[Data entries]
=== Begin Enclosure ===
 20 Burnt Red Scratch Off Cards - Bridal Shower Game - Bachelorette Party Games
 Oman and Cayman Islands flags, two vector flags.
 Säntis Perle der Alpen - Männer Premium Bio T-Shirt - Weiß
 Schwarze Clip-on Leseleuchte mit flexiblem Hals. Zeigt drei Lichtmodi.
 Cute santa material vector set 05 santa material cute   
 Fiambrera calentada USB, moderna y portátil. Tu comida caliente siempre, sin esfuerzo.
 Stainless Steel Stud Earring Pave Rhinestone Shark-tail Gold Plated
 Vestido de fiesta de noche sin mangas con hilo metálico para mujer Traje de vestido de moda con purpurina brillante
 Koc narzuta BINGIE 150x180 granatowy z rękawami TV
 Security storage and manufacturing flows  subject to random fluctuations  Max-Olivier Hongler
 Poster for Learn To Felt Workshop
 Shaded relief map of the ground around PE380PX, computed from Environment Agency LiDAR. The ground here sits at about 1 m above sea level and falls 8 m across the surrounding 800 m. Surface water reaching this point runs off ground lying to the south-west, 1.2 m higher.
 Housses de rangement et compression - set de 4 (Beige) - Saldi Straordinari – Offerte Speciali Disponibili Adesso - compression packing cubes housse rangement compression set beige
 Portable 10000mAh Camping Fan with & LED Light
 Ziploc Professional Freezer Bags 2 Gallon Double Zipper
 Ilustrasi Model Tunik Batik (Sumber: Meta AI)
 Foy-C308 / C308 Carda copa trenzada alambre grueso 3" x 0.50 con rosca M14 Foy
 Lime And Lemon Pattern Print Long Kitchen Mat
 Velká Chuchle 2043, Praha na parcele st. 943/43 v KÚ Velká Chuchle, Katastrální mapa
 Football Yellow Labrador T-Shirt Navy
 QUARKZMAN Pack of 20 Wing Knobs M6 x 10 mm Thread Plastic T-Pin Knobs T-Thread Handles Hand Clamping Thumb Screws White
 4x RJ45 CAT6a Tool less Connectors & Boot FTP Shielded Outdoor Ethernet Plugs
=== End Enclosure ===
[WHAT YOU ARE ASKED TO DO]
Only the lines from the top of the data through the line that contains "Stainless Steel Stud" should be quoted, exactly as they stand.

[EXPECTED OUTPUT]
 20 Burnt Red Scratch Off Cards - Bridal Shower Game - Bachelorette Party Games
 Oman and Cayman Islands flags, two vector flags.
 Säntis Perle der Alpen - Männer Premium Bio T-Shirt - Weiß
 Schwarze Clip-on Leseleuchte mit flexiblem Hals. Zeigt drei Lichtmodi.
 Cute santa material vector set 05 santa material cute   
 Fiambrera calentada USB, moderna y portátil. Tu comida caliente siempre, sin esfuerzo.
 Stainless Steel Stud Earring Pave Rhinestone Shark-tail Gold Plated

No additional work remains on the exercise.